I smiled and asked, “Isn’t it great?”

This conversation took place as my wife and I tried on rock climbing shoes after becoming members at our local climbing gym. I have very minor climbing experience—the classic, “one time in college, I…”—while my wife has none. We are beginners in the fullest sense.

Being a beginner is a neutral state of being. It simply indicates two things: You haven’t done something before and you’ve decided to do it for the first time.

That’s it.

If those two things are present, you, my friend, are a beginner.

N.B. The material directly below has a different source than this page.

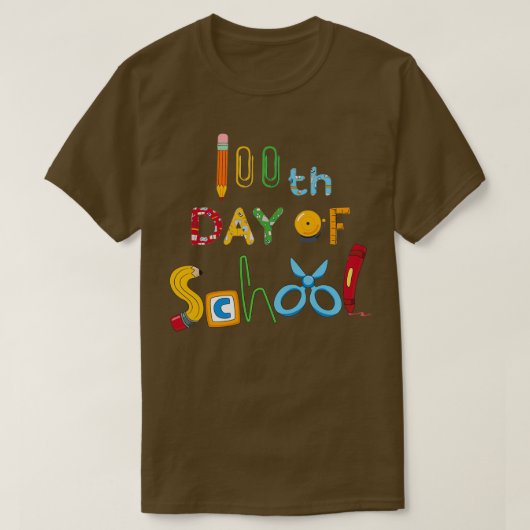Fijne 100ste dag van de School voor kinderen T-shirt (Design voorkant)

Being a beginner is neither good nor bad. However, our reaction to being in such a state can be. The default response to trying something new—or even thinking about trying something new—is to look for immediate points for comparison. Most of the time it all boils down to one self-defeating question, What can they do that I can’t?

My response?

“Who cares?”

Sorry, I’m not going to sugarcoat this one. Advice on getting over your anxiety about new beginnings is given ad nauseum, and it’s not worth my time or yours to spend an entire article sharing anecdotes and words of encouragement to make you feel “ok” about not starting.

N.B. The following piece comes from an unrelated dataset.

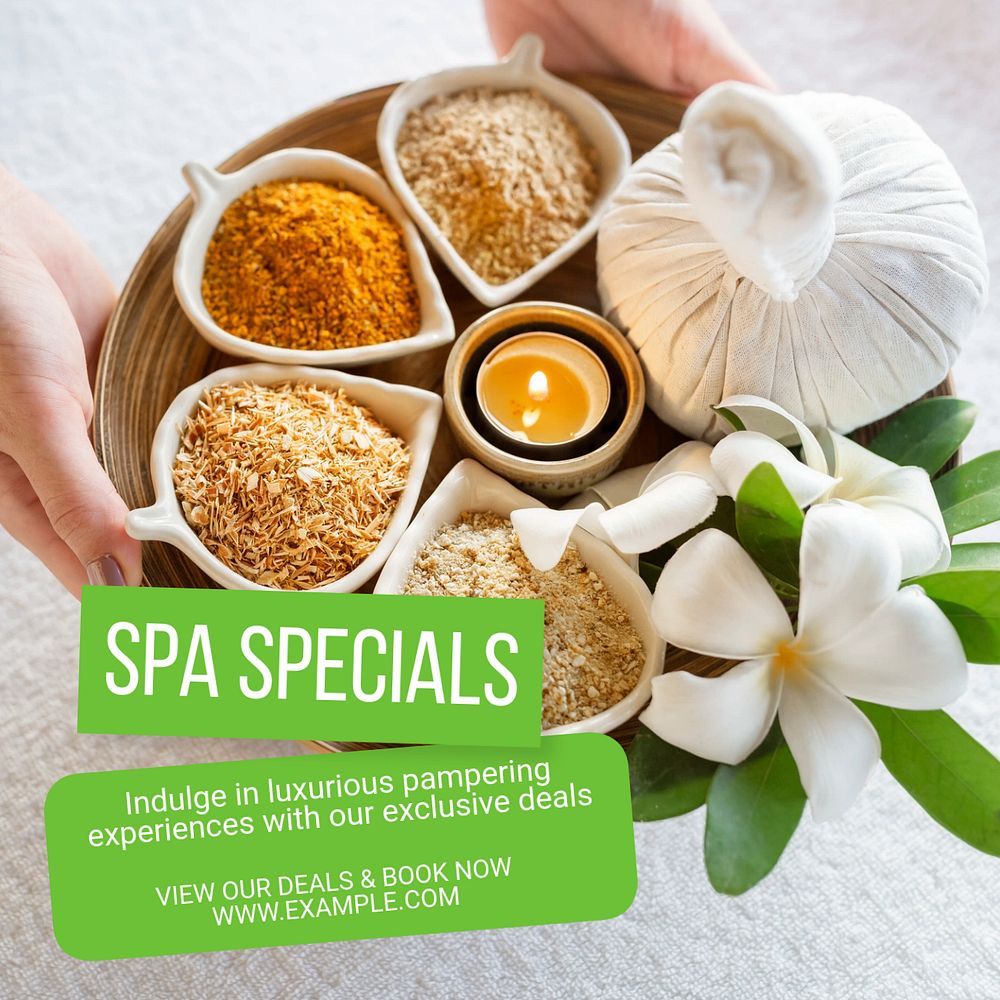 Spa deals Instagram post template, editable text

This breaks from the empathetic view I normally carry, but it’s a break I must make. If I share in your misery, show you how I escaped my own, and you walk away with hopefulness for a new future, all I’ve given you is yet another point for comparison. You might associate with it more positively than most, but in a few hours, days, or weeks, you’ll see my path as unattainable and unrelated to your experience.

Guess what? You’ll be exactly right.

In every moment, you get to choose the story you tell yourself before, during, and after it’s over.

You have the ability to fully understand your truth. Nobody can understand it for you and nobody can tell you it’s wrong. Hang with me, here. I don’t want you getting caught in the trap of thinking “truth” is synonymous with “fact.”

You went to kindergarten is a fact. You being the brightest kid in your kindergarten class is a truth your mother or father subscribed to. Nobody can tell your mother she’s wrong. They could attempt to argue in defense of a different truth (i.e. their child being the brightest), but nothing could be unquestionably proven by either side. Not even those all powerful IQ test scores could win the debate.

Back to present-day you.

With each passing day, your story (what I synonymize with “truth”) grows a little bit longer, diverts a little further away from everyone else’s storyline, and at times makes you wonder “where in the world is all this going?”

Here’s the secret the world has been hiding from you: You get to choose.

You get to choose whether or not your burnt toast means you will never be a chef. You get to choose whether or not your college degree means you have to work in the same industry the rest of your life. You get to choose whether or not writing one hundred nonsensical words that you worked on for hours means you’ll never be a writer.

Remember, your truth is not an objective set of facts that cannot be altered. It is a subjective story you use to relate to the world around you and the thoughts and feelings happening within you.

Your mother or father chose to believe you were the brightest kid in kindergarten because it gave them every reason to continue raising you to the best of their ability. If they said, “this kid is dumb as hell,” you would have had a hellish childhood.

In every moment, you get to choose the story you tell yourself before, during, and after it’s over. It’s quite possibly the most significant superpower you will ever wield and you get to wield it every single day. It’s why you try, give up, and find yourself trying again ten years later.

What changed over the course of that decade? Nothing but the story you told yourself.

The more often you wield your power of choice, the less time you’ll waste thinking about doing something instead of actually doing it.

My wife was following a handletterer on Instagram who just opened her own rock climbing gym, and she thought, “I’d like to try that,” so she did. She didn’t come up with a complex story listing out all the reasons why she shouldn’t do it. Instead, she came up with a story shorter than this sentence: “I’d like to try that. The end.”